Published November 1, 2011 at 4:37 p.m.

A Franklin County dairy farmer whose migrant workers were removed by the U.S. Border Patrol earlier this year is speaking out about the incident, and about why he hired Hispanic workers to milk his cows.

Chris Wagner (pictured) and his wife own a 300-cow dairy in the town of Franklin, where he's employed Hispanic workers off and on for the past 10 years. On January 7, 2011, one of his workers was trying to call Mexico and mistakenly dialed 911 instead of 011 (to place an international call.)

When the dispatcher asked the nature of the emergency, the worker allegedly said, "No speak English" and hung up. That 911 hangup triggered a response from the Vermont State Police, who sent two cruisers to the farm. State police, in turn, called the U.S. Border Patrol to come and "act as an interpreter." A short while later, three migrant farmworkers were in federal custody and Wagner was handcuffed in the back of a cruiser.

Wagner says he's speaking out now to clear up what he has long felt are mischaracterizations in the official police report. He also felt prompted by the recent, high-profile detention of a migrant farmworker leader and the debate it sparked over immigration enforcement and migrant labor in Vermont.

"They're excellent workers, very strong work ethic in comparison to some of the local help," Wagner says  of his migrant laborers. "Which is unfortunate because there's so many people that need work and these jobs are available. But there aren't that many people who seem willing to put the effort into some of these highly intensive ag jobs."

The official police account of the January 7 incident differs from Wagner's recollection in some key ways. Vermont State Police Capt. Daniel Troidl describes the incident in an email he sent to the Vermont Migrant Farmworker Solidarity Project.

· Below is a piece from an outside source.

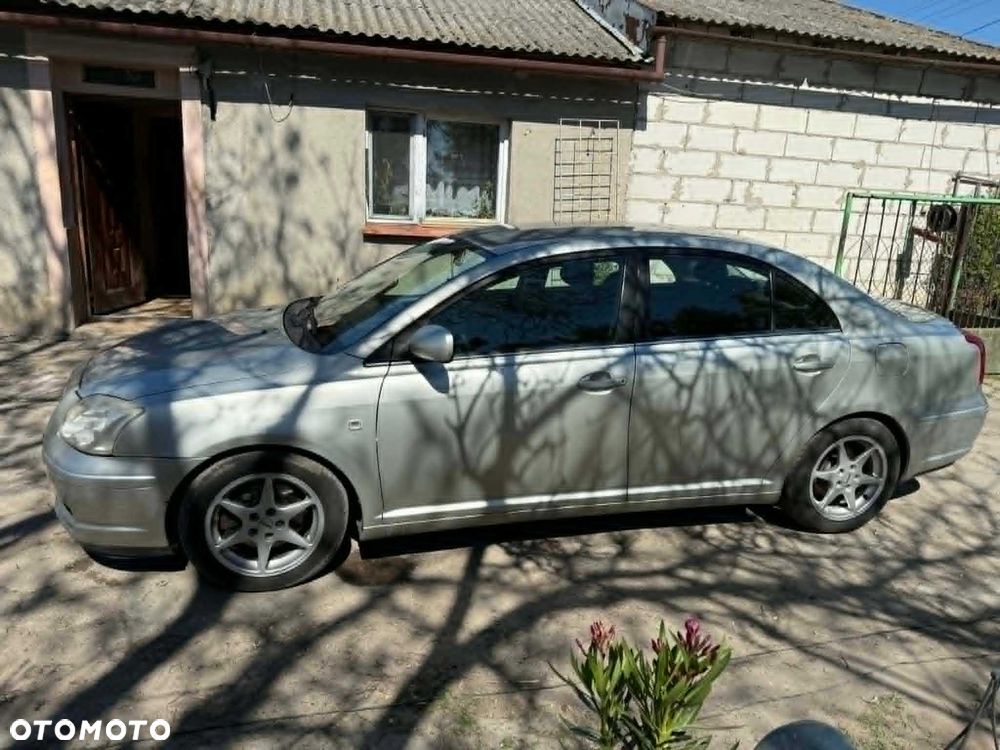Toyota Avensis - 3
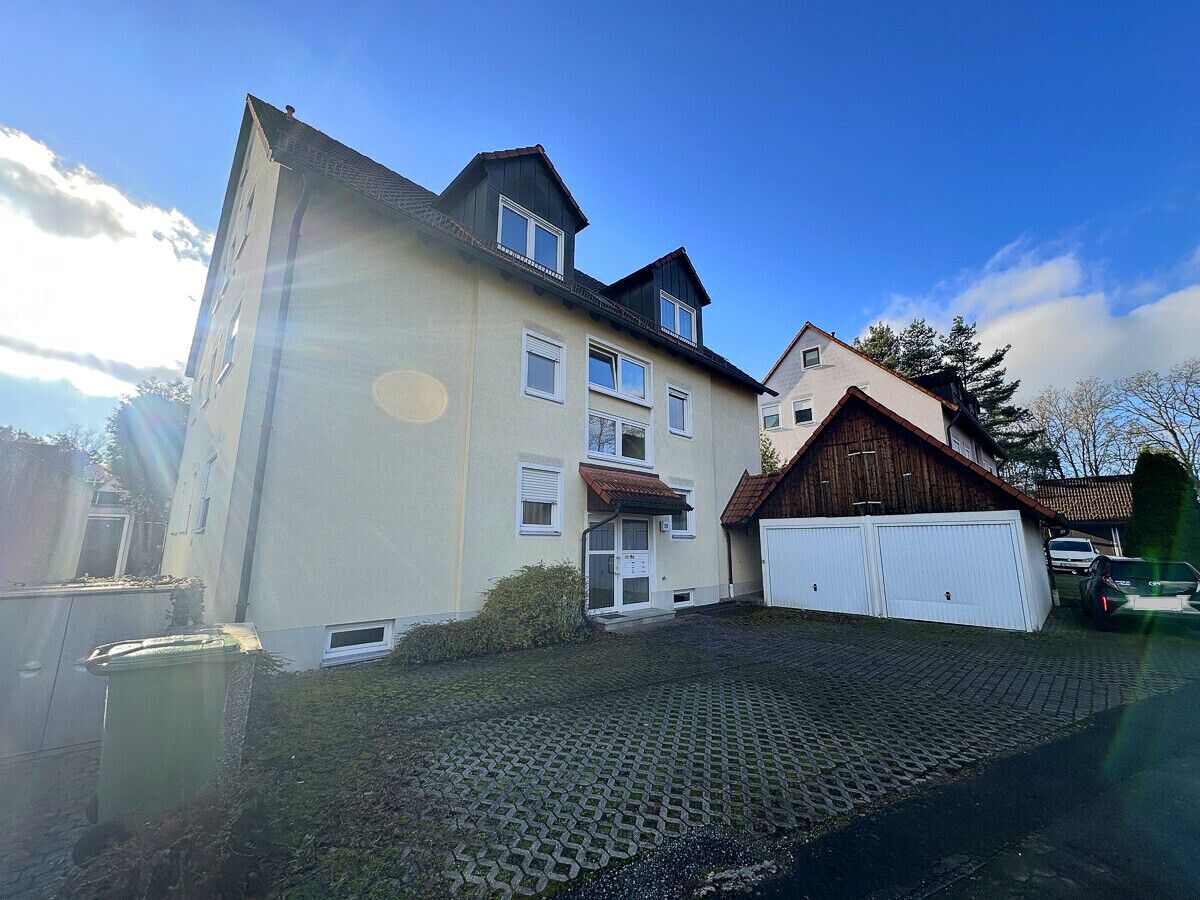 Wohnhaus mit Garage und Stellplatz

The police report states that after the first hangup, the police dispatcher called the number back to assess whether there was an emergency. The male who answered again said, "No speak English," and hung up. From Troidl's report:

Troopers Metayer and Hurwitch were dispatched to this 911 hang-up call. After being told that dispatch had called the number back and that the subject who answered did not speak English, they contacted Border Patrol and requested assistance from an Agent to act as an interpreter. Two Border Patrol Agents responded and accompanied the Troopers to the residence.

Here's where the versions differ. State police say that Wagner drove by in his pickup truck, "pulled into the driveway and stopped sideways in an apparent attempt to prevent the Troopers and Border Patrol from responding to the scene. ...Trooper Metayer told him that they still needed to respond to insure that everyone was safe and he attempted to continue to the residence. [Wagner] ran in front of Trooper Metayer's EQ, blocking his path and forcing him to stop. [Wagner] was subsequently handcuffed and placed in the EQ so that Troopers could continue with their response."

Wagner maintains he did not block the driveway.

"The driveway is 50 feet wide and I was parked on the side of it,"  Wagner says. "I didn't stop their vehicles from going up."

Wagner continues:

"I was panicking, I think, in terms of knowing it looked like they really had an agenda to raid my place.  So I started walking ahead of the cruiser. I broke into a trot. [The trooper] got out. His exact words were, 'We'll have none of these fuck, fuck games.' I was pretty much speechless. They put me in the back of the cruiser. I gave them no interference. Then we drove to the dairy barn where they proceeded to file out several employees who lived in the apartment, checked their documents and decided they were not legal."

Wagner was released without being charged and hasn't heard from the three farmworkers since.

"It's a hard thing not to employ these people even though you understand some of the complicated immigration issues," Wagner says. "They come with their own paperwork, but it's not easy as an employer to ascertain whether they're legal." Many workers present Social Security cards or legal resident alien cards, he says, which the farm uses to fill out an I-9 form for each worker.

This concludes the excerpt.